Problem
In the data that follows, find the line with "Jalan Bandar Putra Permai 4/2"; transcribe it, every later line up to the one with "5 Photograph of", and that line as well, exactly and with no others.

Segment Start: Provided information

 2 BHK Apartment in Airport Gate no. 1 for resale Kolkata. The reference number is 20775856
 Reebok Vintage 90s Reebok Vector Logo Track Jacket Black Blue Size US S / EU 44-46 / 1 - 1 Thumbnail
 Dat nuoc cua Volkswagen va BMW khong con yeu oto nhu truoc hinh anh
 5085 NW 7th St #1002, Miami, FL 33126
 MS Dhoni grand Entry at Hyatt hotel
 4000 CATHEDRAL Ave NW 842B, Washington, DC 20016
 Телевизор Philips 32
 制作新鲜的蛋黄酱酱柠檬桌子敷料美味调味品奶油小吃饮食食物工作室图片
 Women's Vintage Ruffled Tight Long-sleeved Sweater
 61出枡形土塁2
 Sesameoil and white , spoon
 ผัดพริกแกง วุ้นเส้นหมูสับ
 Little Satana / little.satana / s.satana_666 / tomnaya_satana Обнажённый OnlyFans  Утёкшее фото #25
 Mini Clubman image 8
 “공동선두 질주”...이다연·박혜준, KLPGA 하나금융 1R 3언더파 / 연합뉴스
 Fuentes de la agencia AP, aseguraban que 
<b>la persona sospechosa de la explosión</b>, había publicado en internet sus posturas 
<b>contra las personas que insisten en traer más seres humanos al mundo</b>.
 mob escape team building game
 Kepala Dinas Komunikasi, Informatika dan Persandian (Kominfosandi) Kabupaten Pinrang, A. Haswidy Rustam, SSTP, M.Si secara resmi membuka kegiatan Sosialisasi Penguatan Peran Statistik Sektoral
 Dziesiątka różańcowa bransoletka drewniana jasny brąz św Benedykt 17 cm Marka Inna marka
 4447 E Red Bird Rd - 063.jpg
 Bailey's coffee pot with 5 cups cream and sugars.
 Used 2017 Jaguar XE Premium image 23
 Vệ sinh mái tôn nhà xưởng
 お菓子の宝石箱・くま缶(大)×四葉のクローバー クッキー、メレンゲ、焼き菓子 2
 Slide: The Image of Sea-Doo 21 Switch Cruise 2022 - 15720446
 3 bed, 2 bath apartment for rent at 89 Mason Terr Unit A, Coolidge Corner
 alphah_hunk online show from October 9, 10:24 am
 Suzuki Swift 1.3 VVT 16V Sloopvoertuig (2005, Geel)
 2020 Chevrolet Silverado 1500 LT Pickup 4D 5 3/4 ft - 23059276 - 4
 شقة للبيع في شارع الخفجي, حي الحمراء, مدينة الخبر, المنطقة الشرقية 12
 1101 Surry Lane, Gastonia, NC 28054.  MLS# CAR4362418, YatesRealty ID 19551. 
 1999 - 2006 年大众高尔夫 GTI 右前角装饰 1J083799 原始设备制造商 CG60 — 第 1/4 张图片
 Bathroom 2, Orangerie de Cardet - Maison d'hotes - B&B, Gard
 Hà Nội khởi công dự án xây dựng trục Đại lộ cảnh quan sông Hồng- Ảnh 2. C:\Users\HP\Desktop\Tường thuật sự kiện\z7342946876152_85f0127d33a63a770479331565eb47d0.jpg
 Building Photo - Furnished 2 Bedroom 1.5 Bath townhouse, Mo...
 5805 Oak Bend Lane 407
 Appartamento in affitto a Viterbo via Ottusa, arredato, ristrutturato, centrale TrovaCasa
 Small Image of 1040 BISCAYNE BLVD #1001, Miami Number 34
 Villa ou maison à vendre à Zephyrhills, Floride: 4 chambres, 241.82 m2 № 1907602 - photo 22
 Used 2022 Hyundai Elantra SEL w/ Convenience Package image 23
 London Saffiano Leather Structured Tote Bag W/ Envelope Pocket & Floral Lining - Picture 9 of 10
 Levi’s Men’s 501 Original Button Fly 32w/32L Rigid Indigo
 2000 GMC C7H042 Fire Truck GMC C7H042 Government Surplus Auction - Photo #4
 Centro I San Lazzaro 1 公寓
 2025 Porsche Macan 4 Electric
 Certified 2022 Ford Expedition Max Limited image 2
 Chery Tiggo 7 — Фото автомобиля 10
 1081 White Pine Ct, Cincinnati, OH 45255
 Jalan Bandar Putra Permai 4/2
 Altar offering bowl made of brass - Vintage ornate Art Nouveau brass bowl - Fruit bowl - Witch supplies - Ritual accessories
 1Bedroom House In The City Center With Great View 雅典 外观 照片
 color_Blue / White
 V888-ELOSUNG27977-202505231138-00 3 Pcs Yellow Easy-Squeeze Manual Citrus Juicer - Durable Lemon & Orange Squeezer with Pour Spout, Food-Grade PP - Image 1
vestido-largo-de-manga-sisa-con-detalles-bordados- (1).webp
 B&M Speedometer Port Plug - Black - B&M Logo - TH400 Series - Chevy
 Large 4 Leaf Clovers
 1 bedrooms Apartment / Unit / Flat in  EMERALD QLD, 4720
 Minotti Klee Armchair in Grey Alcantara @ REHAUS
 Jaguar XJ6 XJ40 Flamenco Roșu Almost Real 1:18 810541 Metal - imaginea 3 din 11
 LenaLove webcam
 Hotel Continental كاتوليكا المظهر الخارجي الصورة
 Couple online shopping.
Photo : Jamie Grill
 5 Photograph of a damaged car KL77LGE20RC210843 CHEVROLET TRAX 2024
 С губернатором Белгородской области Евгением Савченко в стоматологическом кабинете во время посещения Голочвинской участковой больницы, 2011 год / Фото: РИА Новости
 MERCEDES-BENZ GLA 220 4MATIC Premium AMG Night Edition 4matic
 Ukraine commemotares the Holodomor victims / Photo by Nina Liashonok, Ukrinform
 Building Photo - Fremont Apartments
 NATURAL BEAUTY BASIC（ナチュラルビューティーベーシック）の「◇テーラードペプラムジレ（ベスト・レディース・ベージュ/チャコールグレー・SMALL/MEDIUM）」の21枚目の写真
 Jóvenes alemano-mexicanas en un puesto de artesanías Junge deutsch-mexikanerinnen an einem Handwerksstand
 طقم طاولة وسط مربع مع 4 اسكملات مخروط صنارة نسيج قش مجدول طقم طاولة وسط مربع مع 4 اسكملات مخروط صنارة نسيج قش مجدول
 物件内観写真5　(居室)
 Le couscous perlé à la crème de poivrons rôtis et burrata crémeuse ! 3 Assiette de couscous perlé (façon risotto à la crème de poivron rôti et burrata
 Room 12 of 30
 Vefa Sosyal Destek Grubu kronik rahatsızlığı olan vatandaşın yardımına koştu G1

Segment End: Provided information

Solution
 Jalan Bandar Putra Permai 4/2
 Altar offering bowl made of brass - Vintage ornate Art Nouveau brass bowl - Fruit bowl - Witch supplies - Ritual accessories
 1Bedroom House In The City Center With Great View 雅典 外观 照片
 color_Blue / White
 V888-ELOSUNG27977-202505231138-00 3 Pcs Yellow Easy-Squeeze Manual Citrus Juicer - Durable Lemon & Orange Squeezer with Pour Spout, Food-Grade PP - Image 1
vestido-largo-de-manga-sisa-con-detalles-bordados- (1).webp
 B&M Speedometer Port Plug - Black - B&M Logo - TH400 Series - Chevy
 Large 4 Leaf Clovers
 1 bedrooms Apartment / Unit / Flat in  EMERALD QLD, 4720
 Minotti Klee Armchair in Grey Alcantara @ REHAUS
 Jaguar XJ6 XJ40 Flamenco Roșu Almost Real 1:18 810541 Metal - imaginea 3 din 11
 LenaLove webcam
 Hotel Continental كاتوليكا المظهر الخارجي الصورة
 Couple online shopping.
Photo : Jamie Grill
 5 Photograph of a damaged car KL77LGE20RC210843 CHEVROLET TRAX 2024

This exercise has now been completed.